Verbreiteter Irrtum
er kann im Grunde, wenn die Qualität nicht wichtig ist, die
längste Aufnahmezeit wählen, allerdings bekommt das Bild dann
einen mh. abgehackten Eindruck. SP dürfte der normalen
VHS-Qualität entsprecxhen, LP geht noch.
Bloß nicht!
Entweder man wählt die Aufnahmequalität so hoch, dass die Gesamtaufnahme gerade auf die DVD passt oder so hoch wie möglich. Zumal die bessere Qualität nur ein paar Cent pro Stunde ausmacht.
Egal ob das Original von guter oder schlechter Qualität ist, mit der Qualitätsstufe der Digitalisierung entscheidet man nur darüber ob es „noch ein klein wenig“ oder „noch mal werklich“ schlechter wird.
Ich würde jedoch immer dieslbe Qualitästsstufe wählen wie das
Originalband. warum sonst die Aufnahmen digitalisieren, was
immer eine Heidenarbeit ist?
Es ist nicht so, dass schlechte Aufnahme es abkönnen, dass man sie noch mal mit schlechter Qualitätsstufe digitalisiert. Im Gegenteil: Eine schlechte Aufnahme verliert sogar viel mehr an der ohnehin schon mäßigen Qualität als ein gutes Original.
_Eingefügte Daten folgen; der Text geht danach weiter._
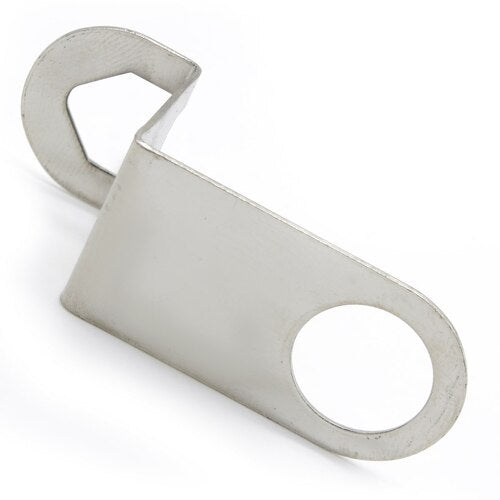 Clock metal hook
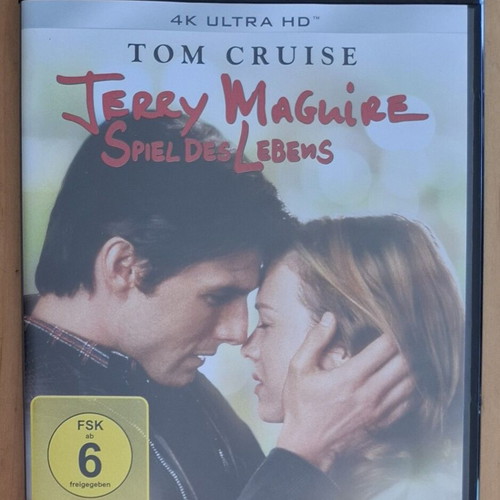 Jerry Maguire 4K Ultra HD Blu-Ray with Greek subtitles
Hintergrund ist, dass die verlustbehafteten Kompressionsverfahren für Bild und Ton für ein gutes Ausgangsmaterial konzipiert sind.
Dann kann der Encoder erkennen, dass sich Teile wiederholen oder für die Wahrnehmung eines Menschen ohnehin zweitrangig sind.
Bei solchem Ausgangsmaterial geht beim Encoder auch bei höherer Kompression (= Qualitätsstufe niedriger) nur zweitrangiges.
Lässt man jetzt den gleichen Encoder bei gleicher Kompressions- gleich Qualitätsstufe auf schlechtes Ausgangsmaterial los, kann der Encoder nicht zwischen Aufnahme und Aufnahmefehlern unterscheiden. Es gibt weniger Wiederholungen und viel mehr Signale im Eingang, also verliert man bei schlechtem Ausgangsmaterial deutlich mehr von der Originalinformation.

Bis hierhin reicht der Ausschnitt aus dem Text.